EXERCISE INSTRUCTIONS =
From the entries below, write out exactly the lines between the line holding "Laundry drying and" and the line holding "Black White Striped", inclusive, excluding any pictures.

##### EXERCISE DATA #####

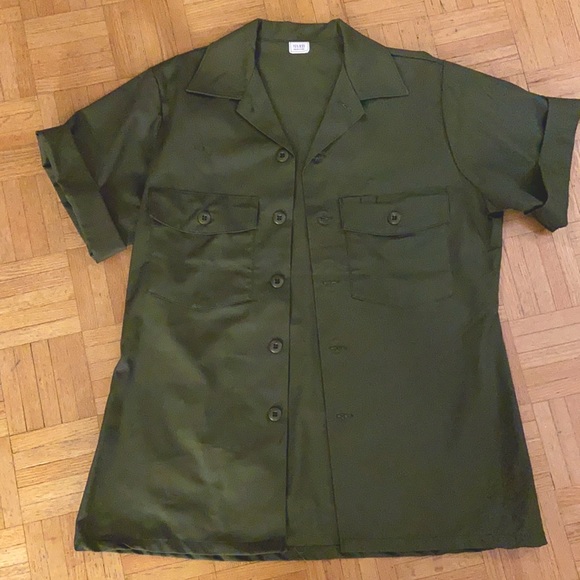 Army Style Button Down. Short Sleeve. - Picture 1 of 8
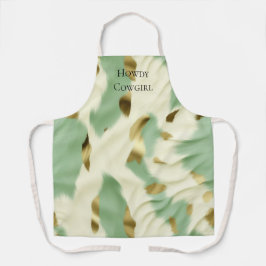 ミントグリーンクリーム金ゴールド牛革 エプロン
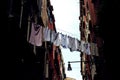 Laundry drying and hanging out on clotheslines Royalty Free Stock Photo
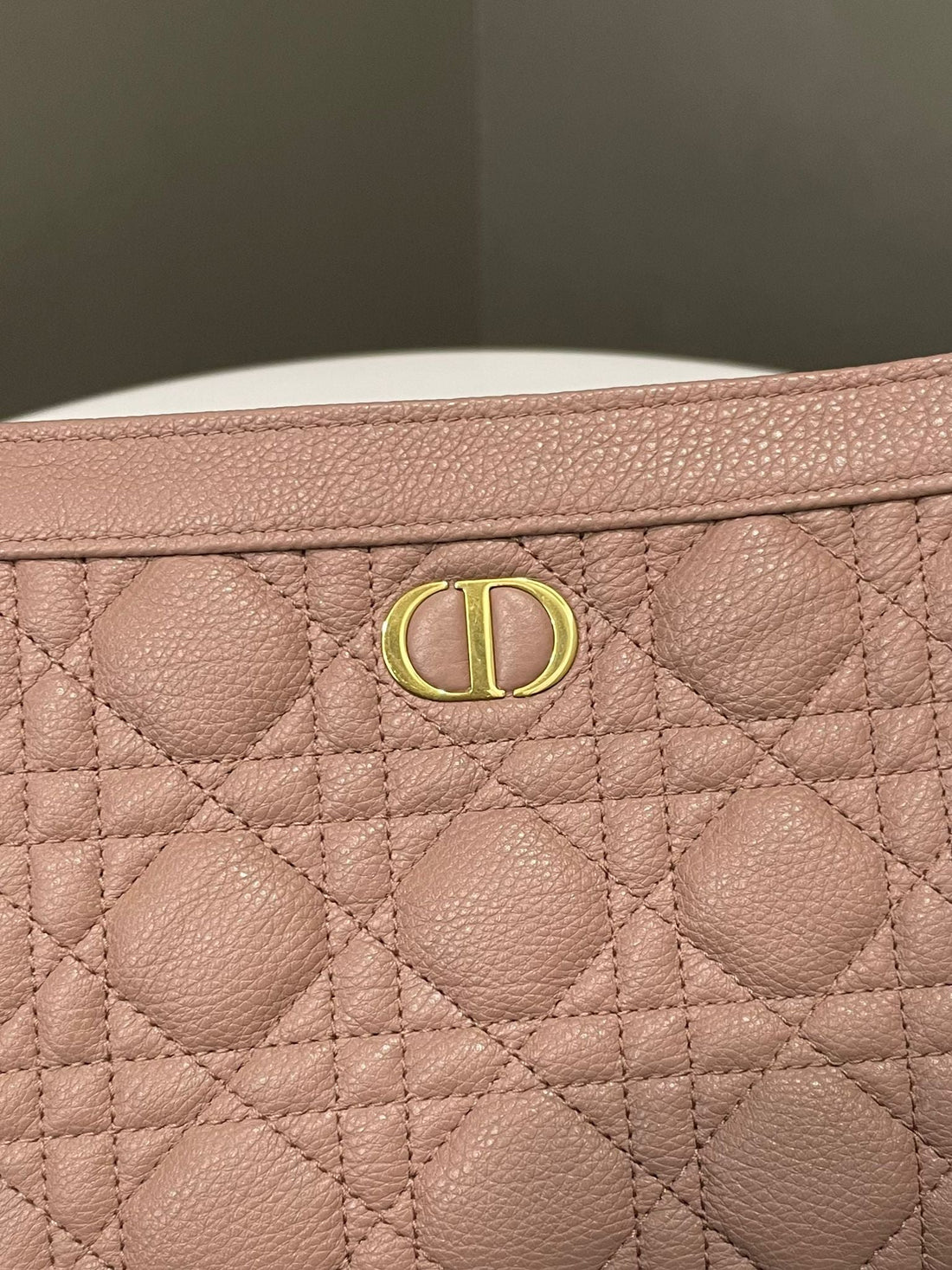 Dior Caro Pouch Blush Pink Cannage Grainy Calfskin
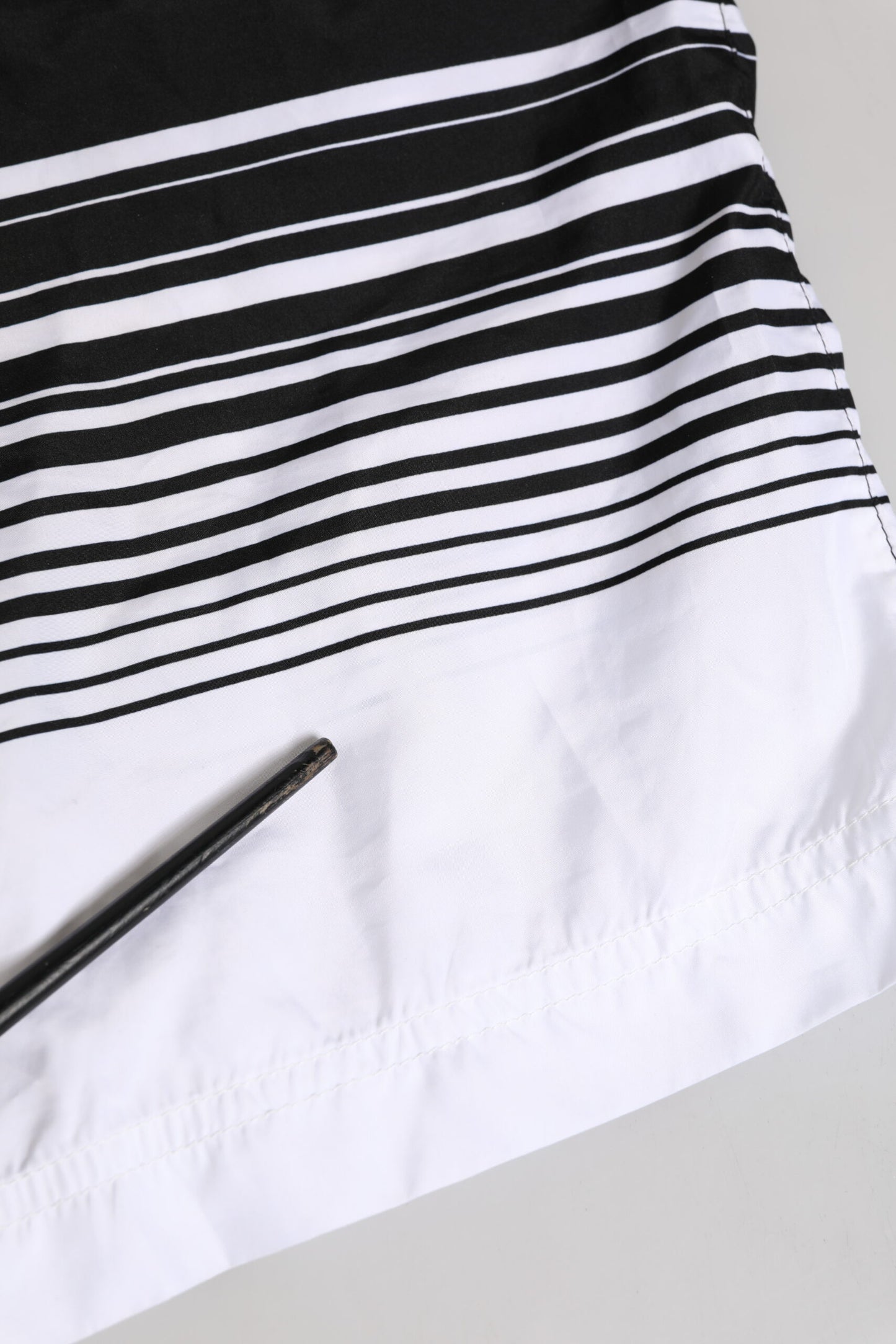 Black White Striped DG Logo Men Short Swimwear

#####
##### EXERCISE DATA #####

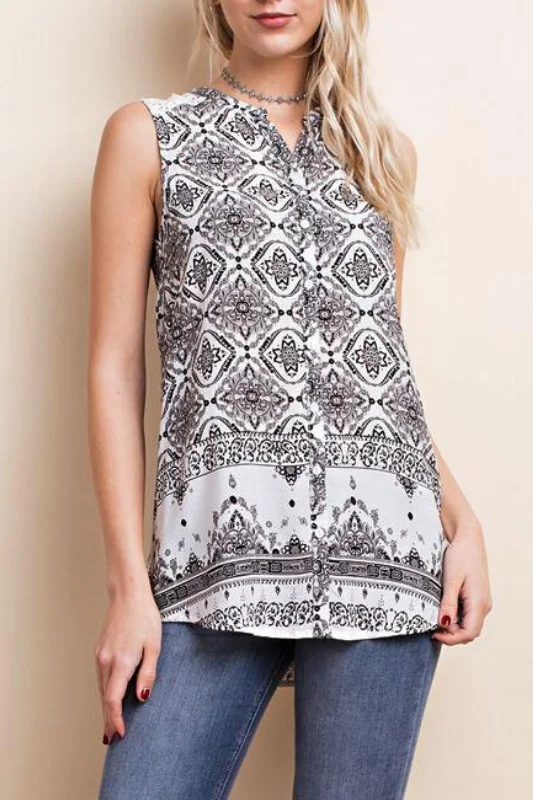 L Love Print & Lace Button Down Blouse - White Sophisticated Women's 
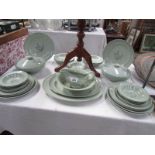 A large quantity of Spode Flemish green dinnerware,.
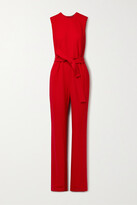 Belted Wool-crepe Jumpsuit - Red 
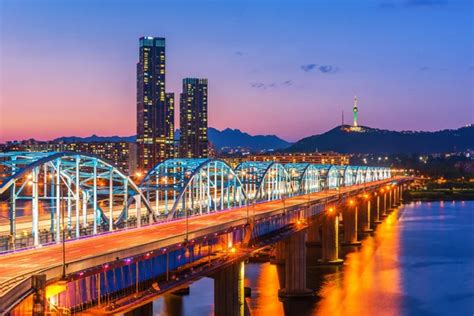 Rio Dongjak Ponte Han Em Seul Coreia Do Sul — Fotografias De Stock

#####

RESPONSE BELOW =
 Laundry drying and hanging out on clotheslines Royalty Free Stock Photo
 Dior Caro Pouch Blush Pink Cannage Grainy Calfskin
 Black White Striped DG Logo Men Short Swimwear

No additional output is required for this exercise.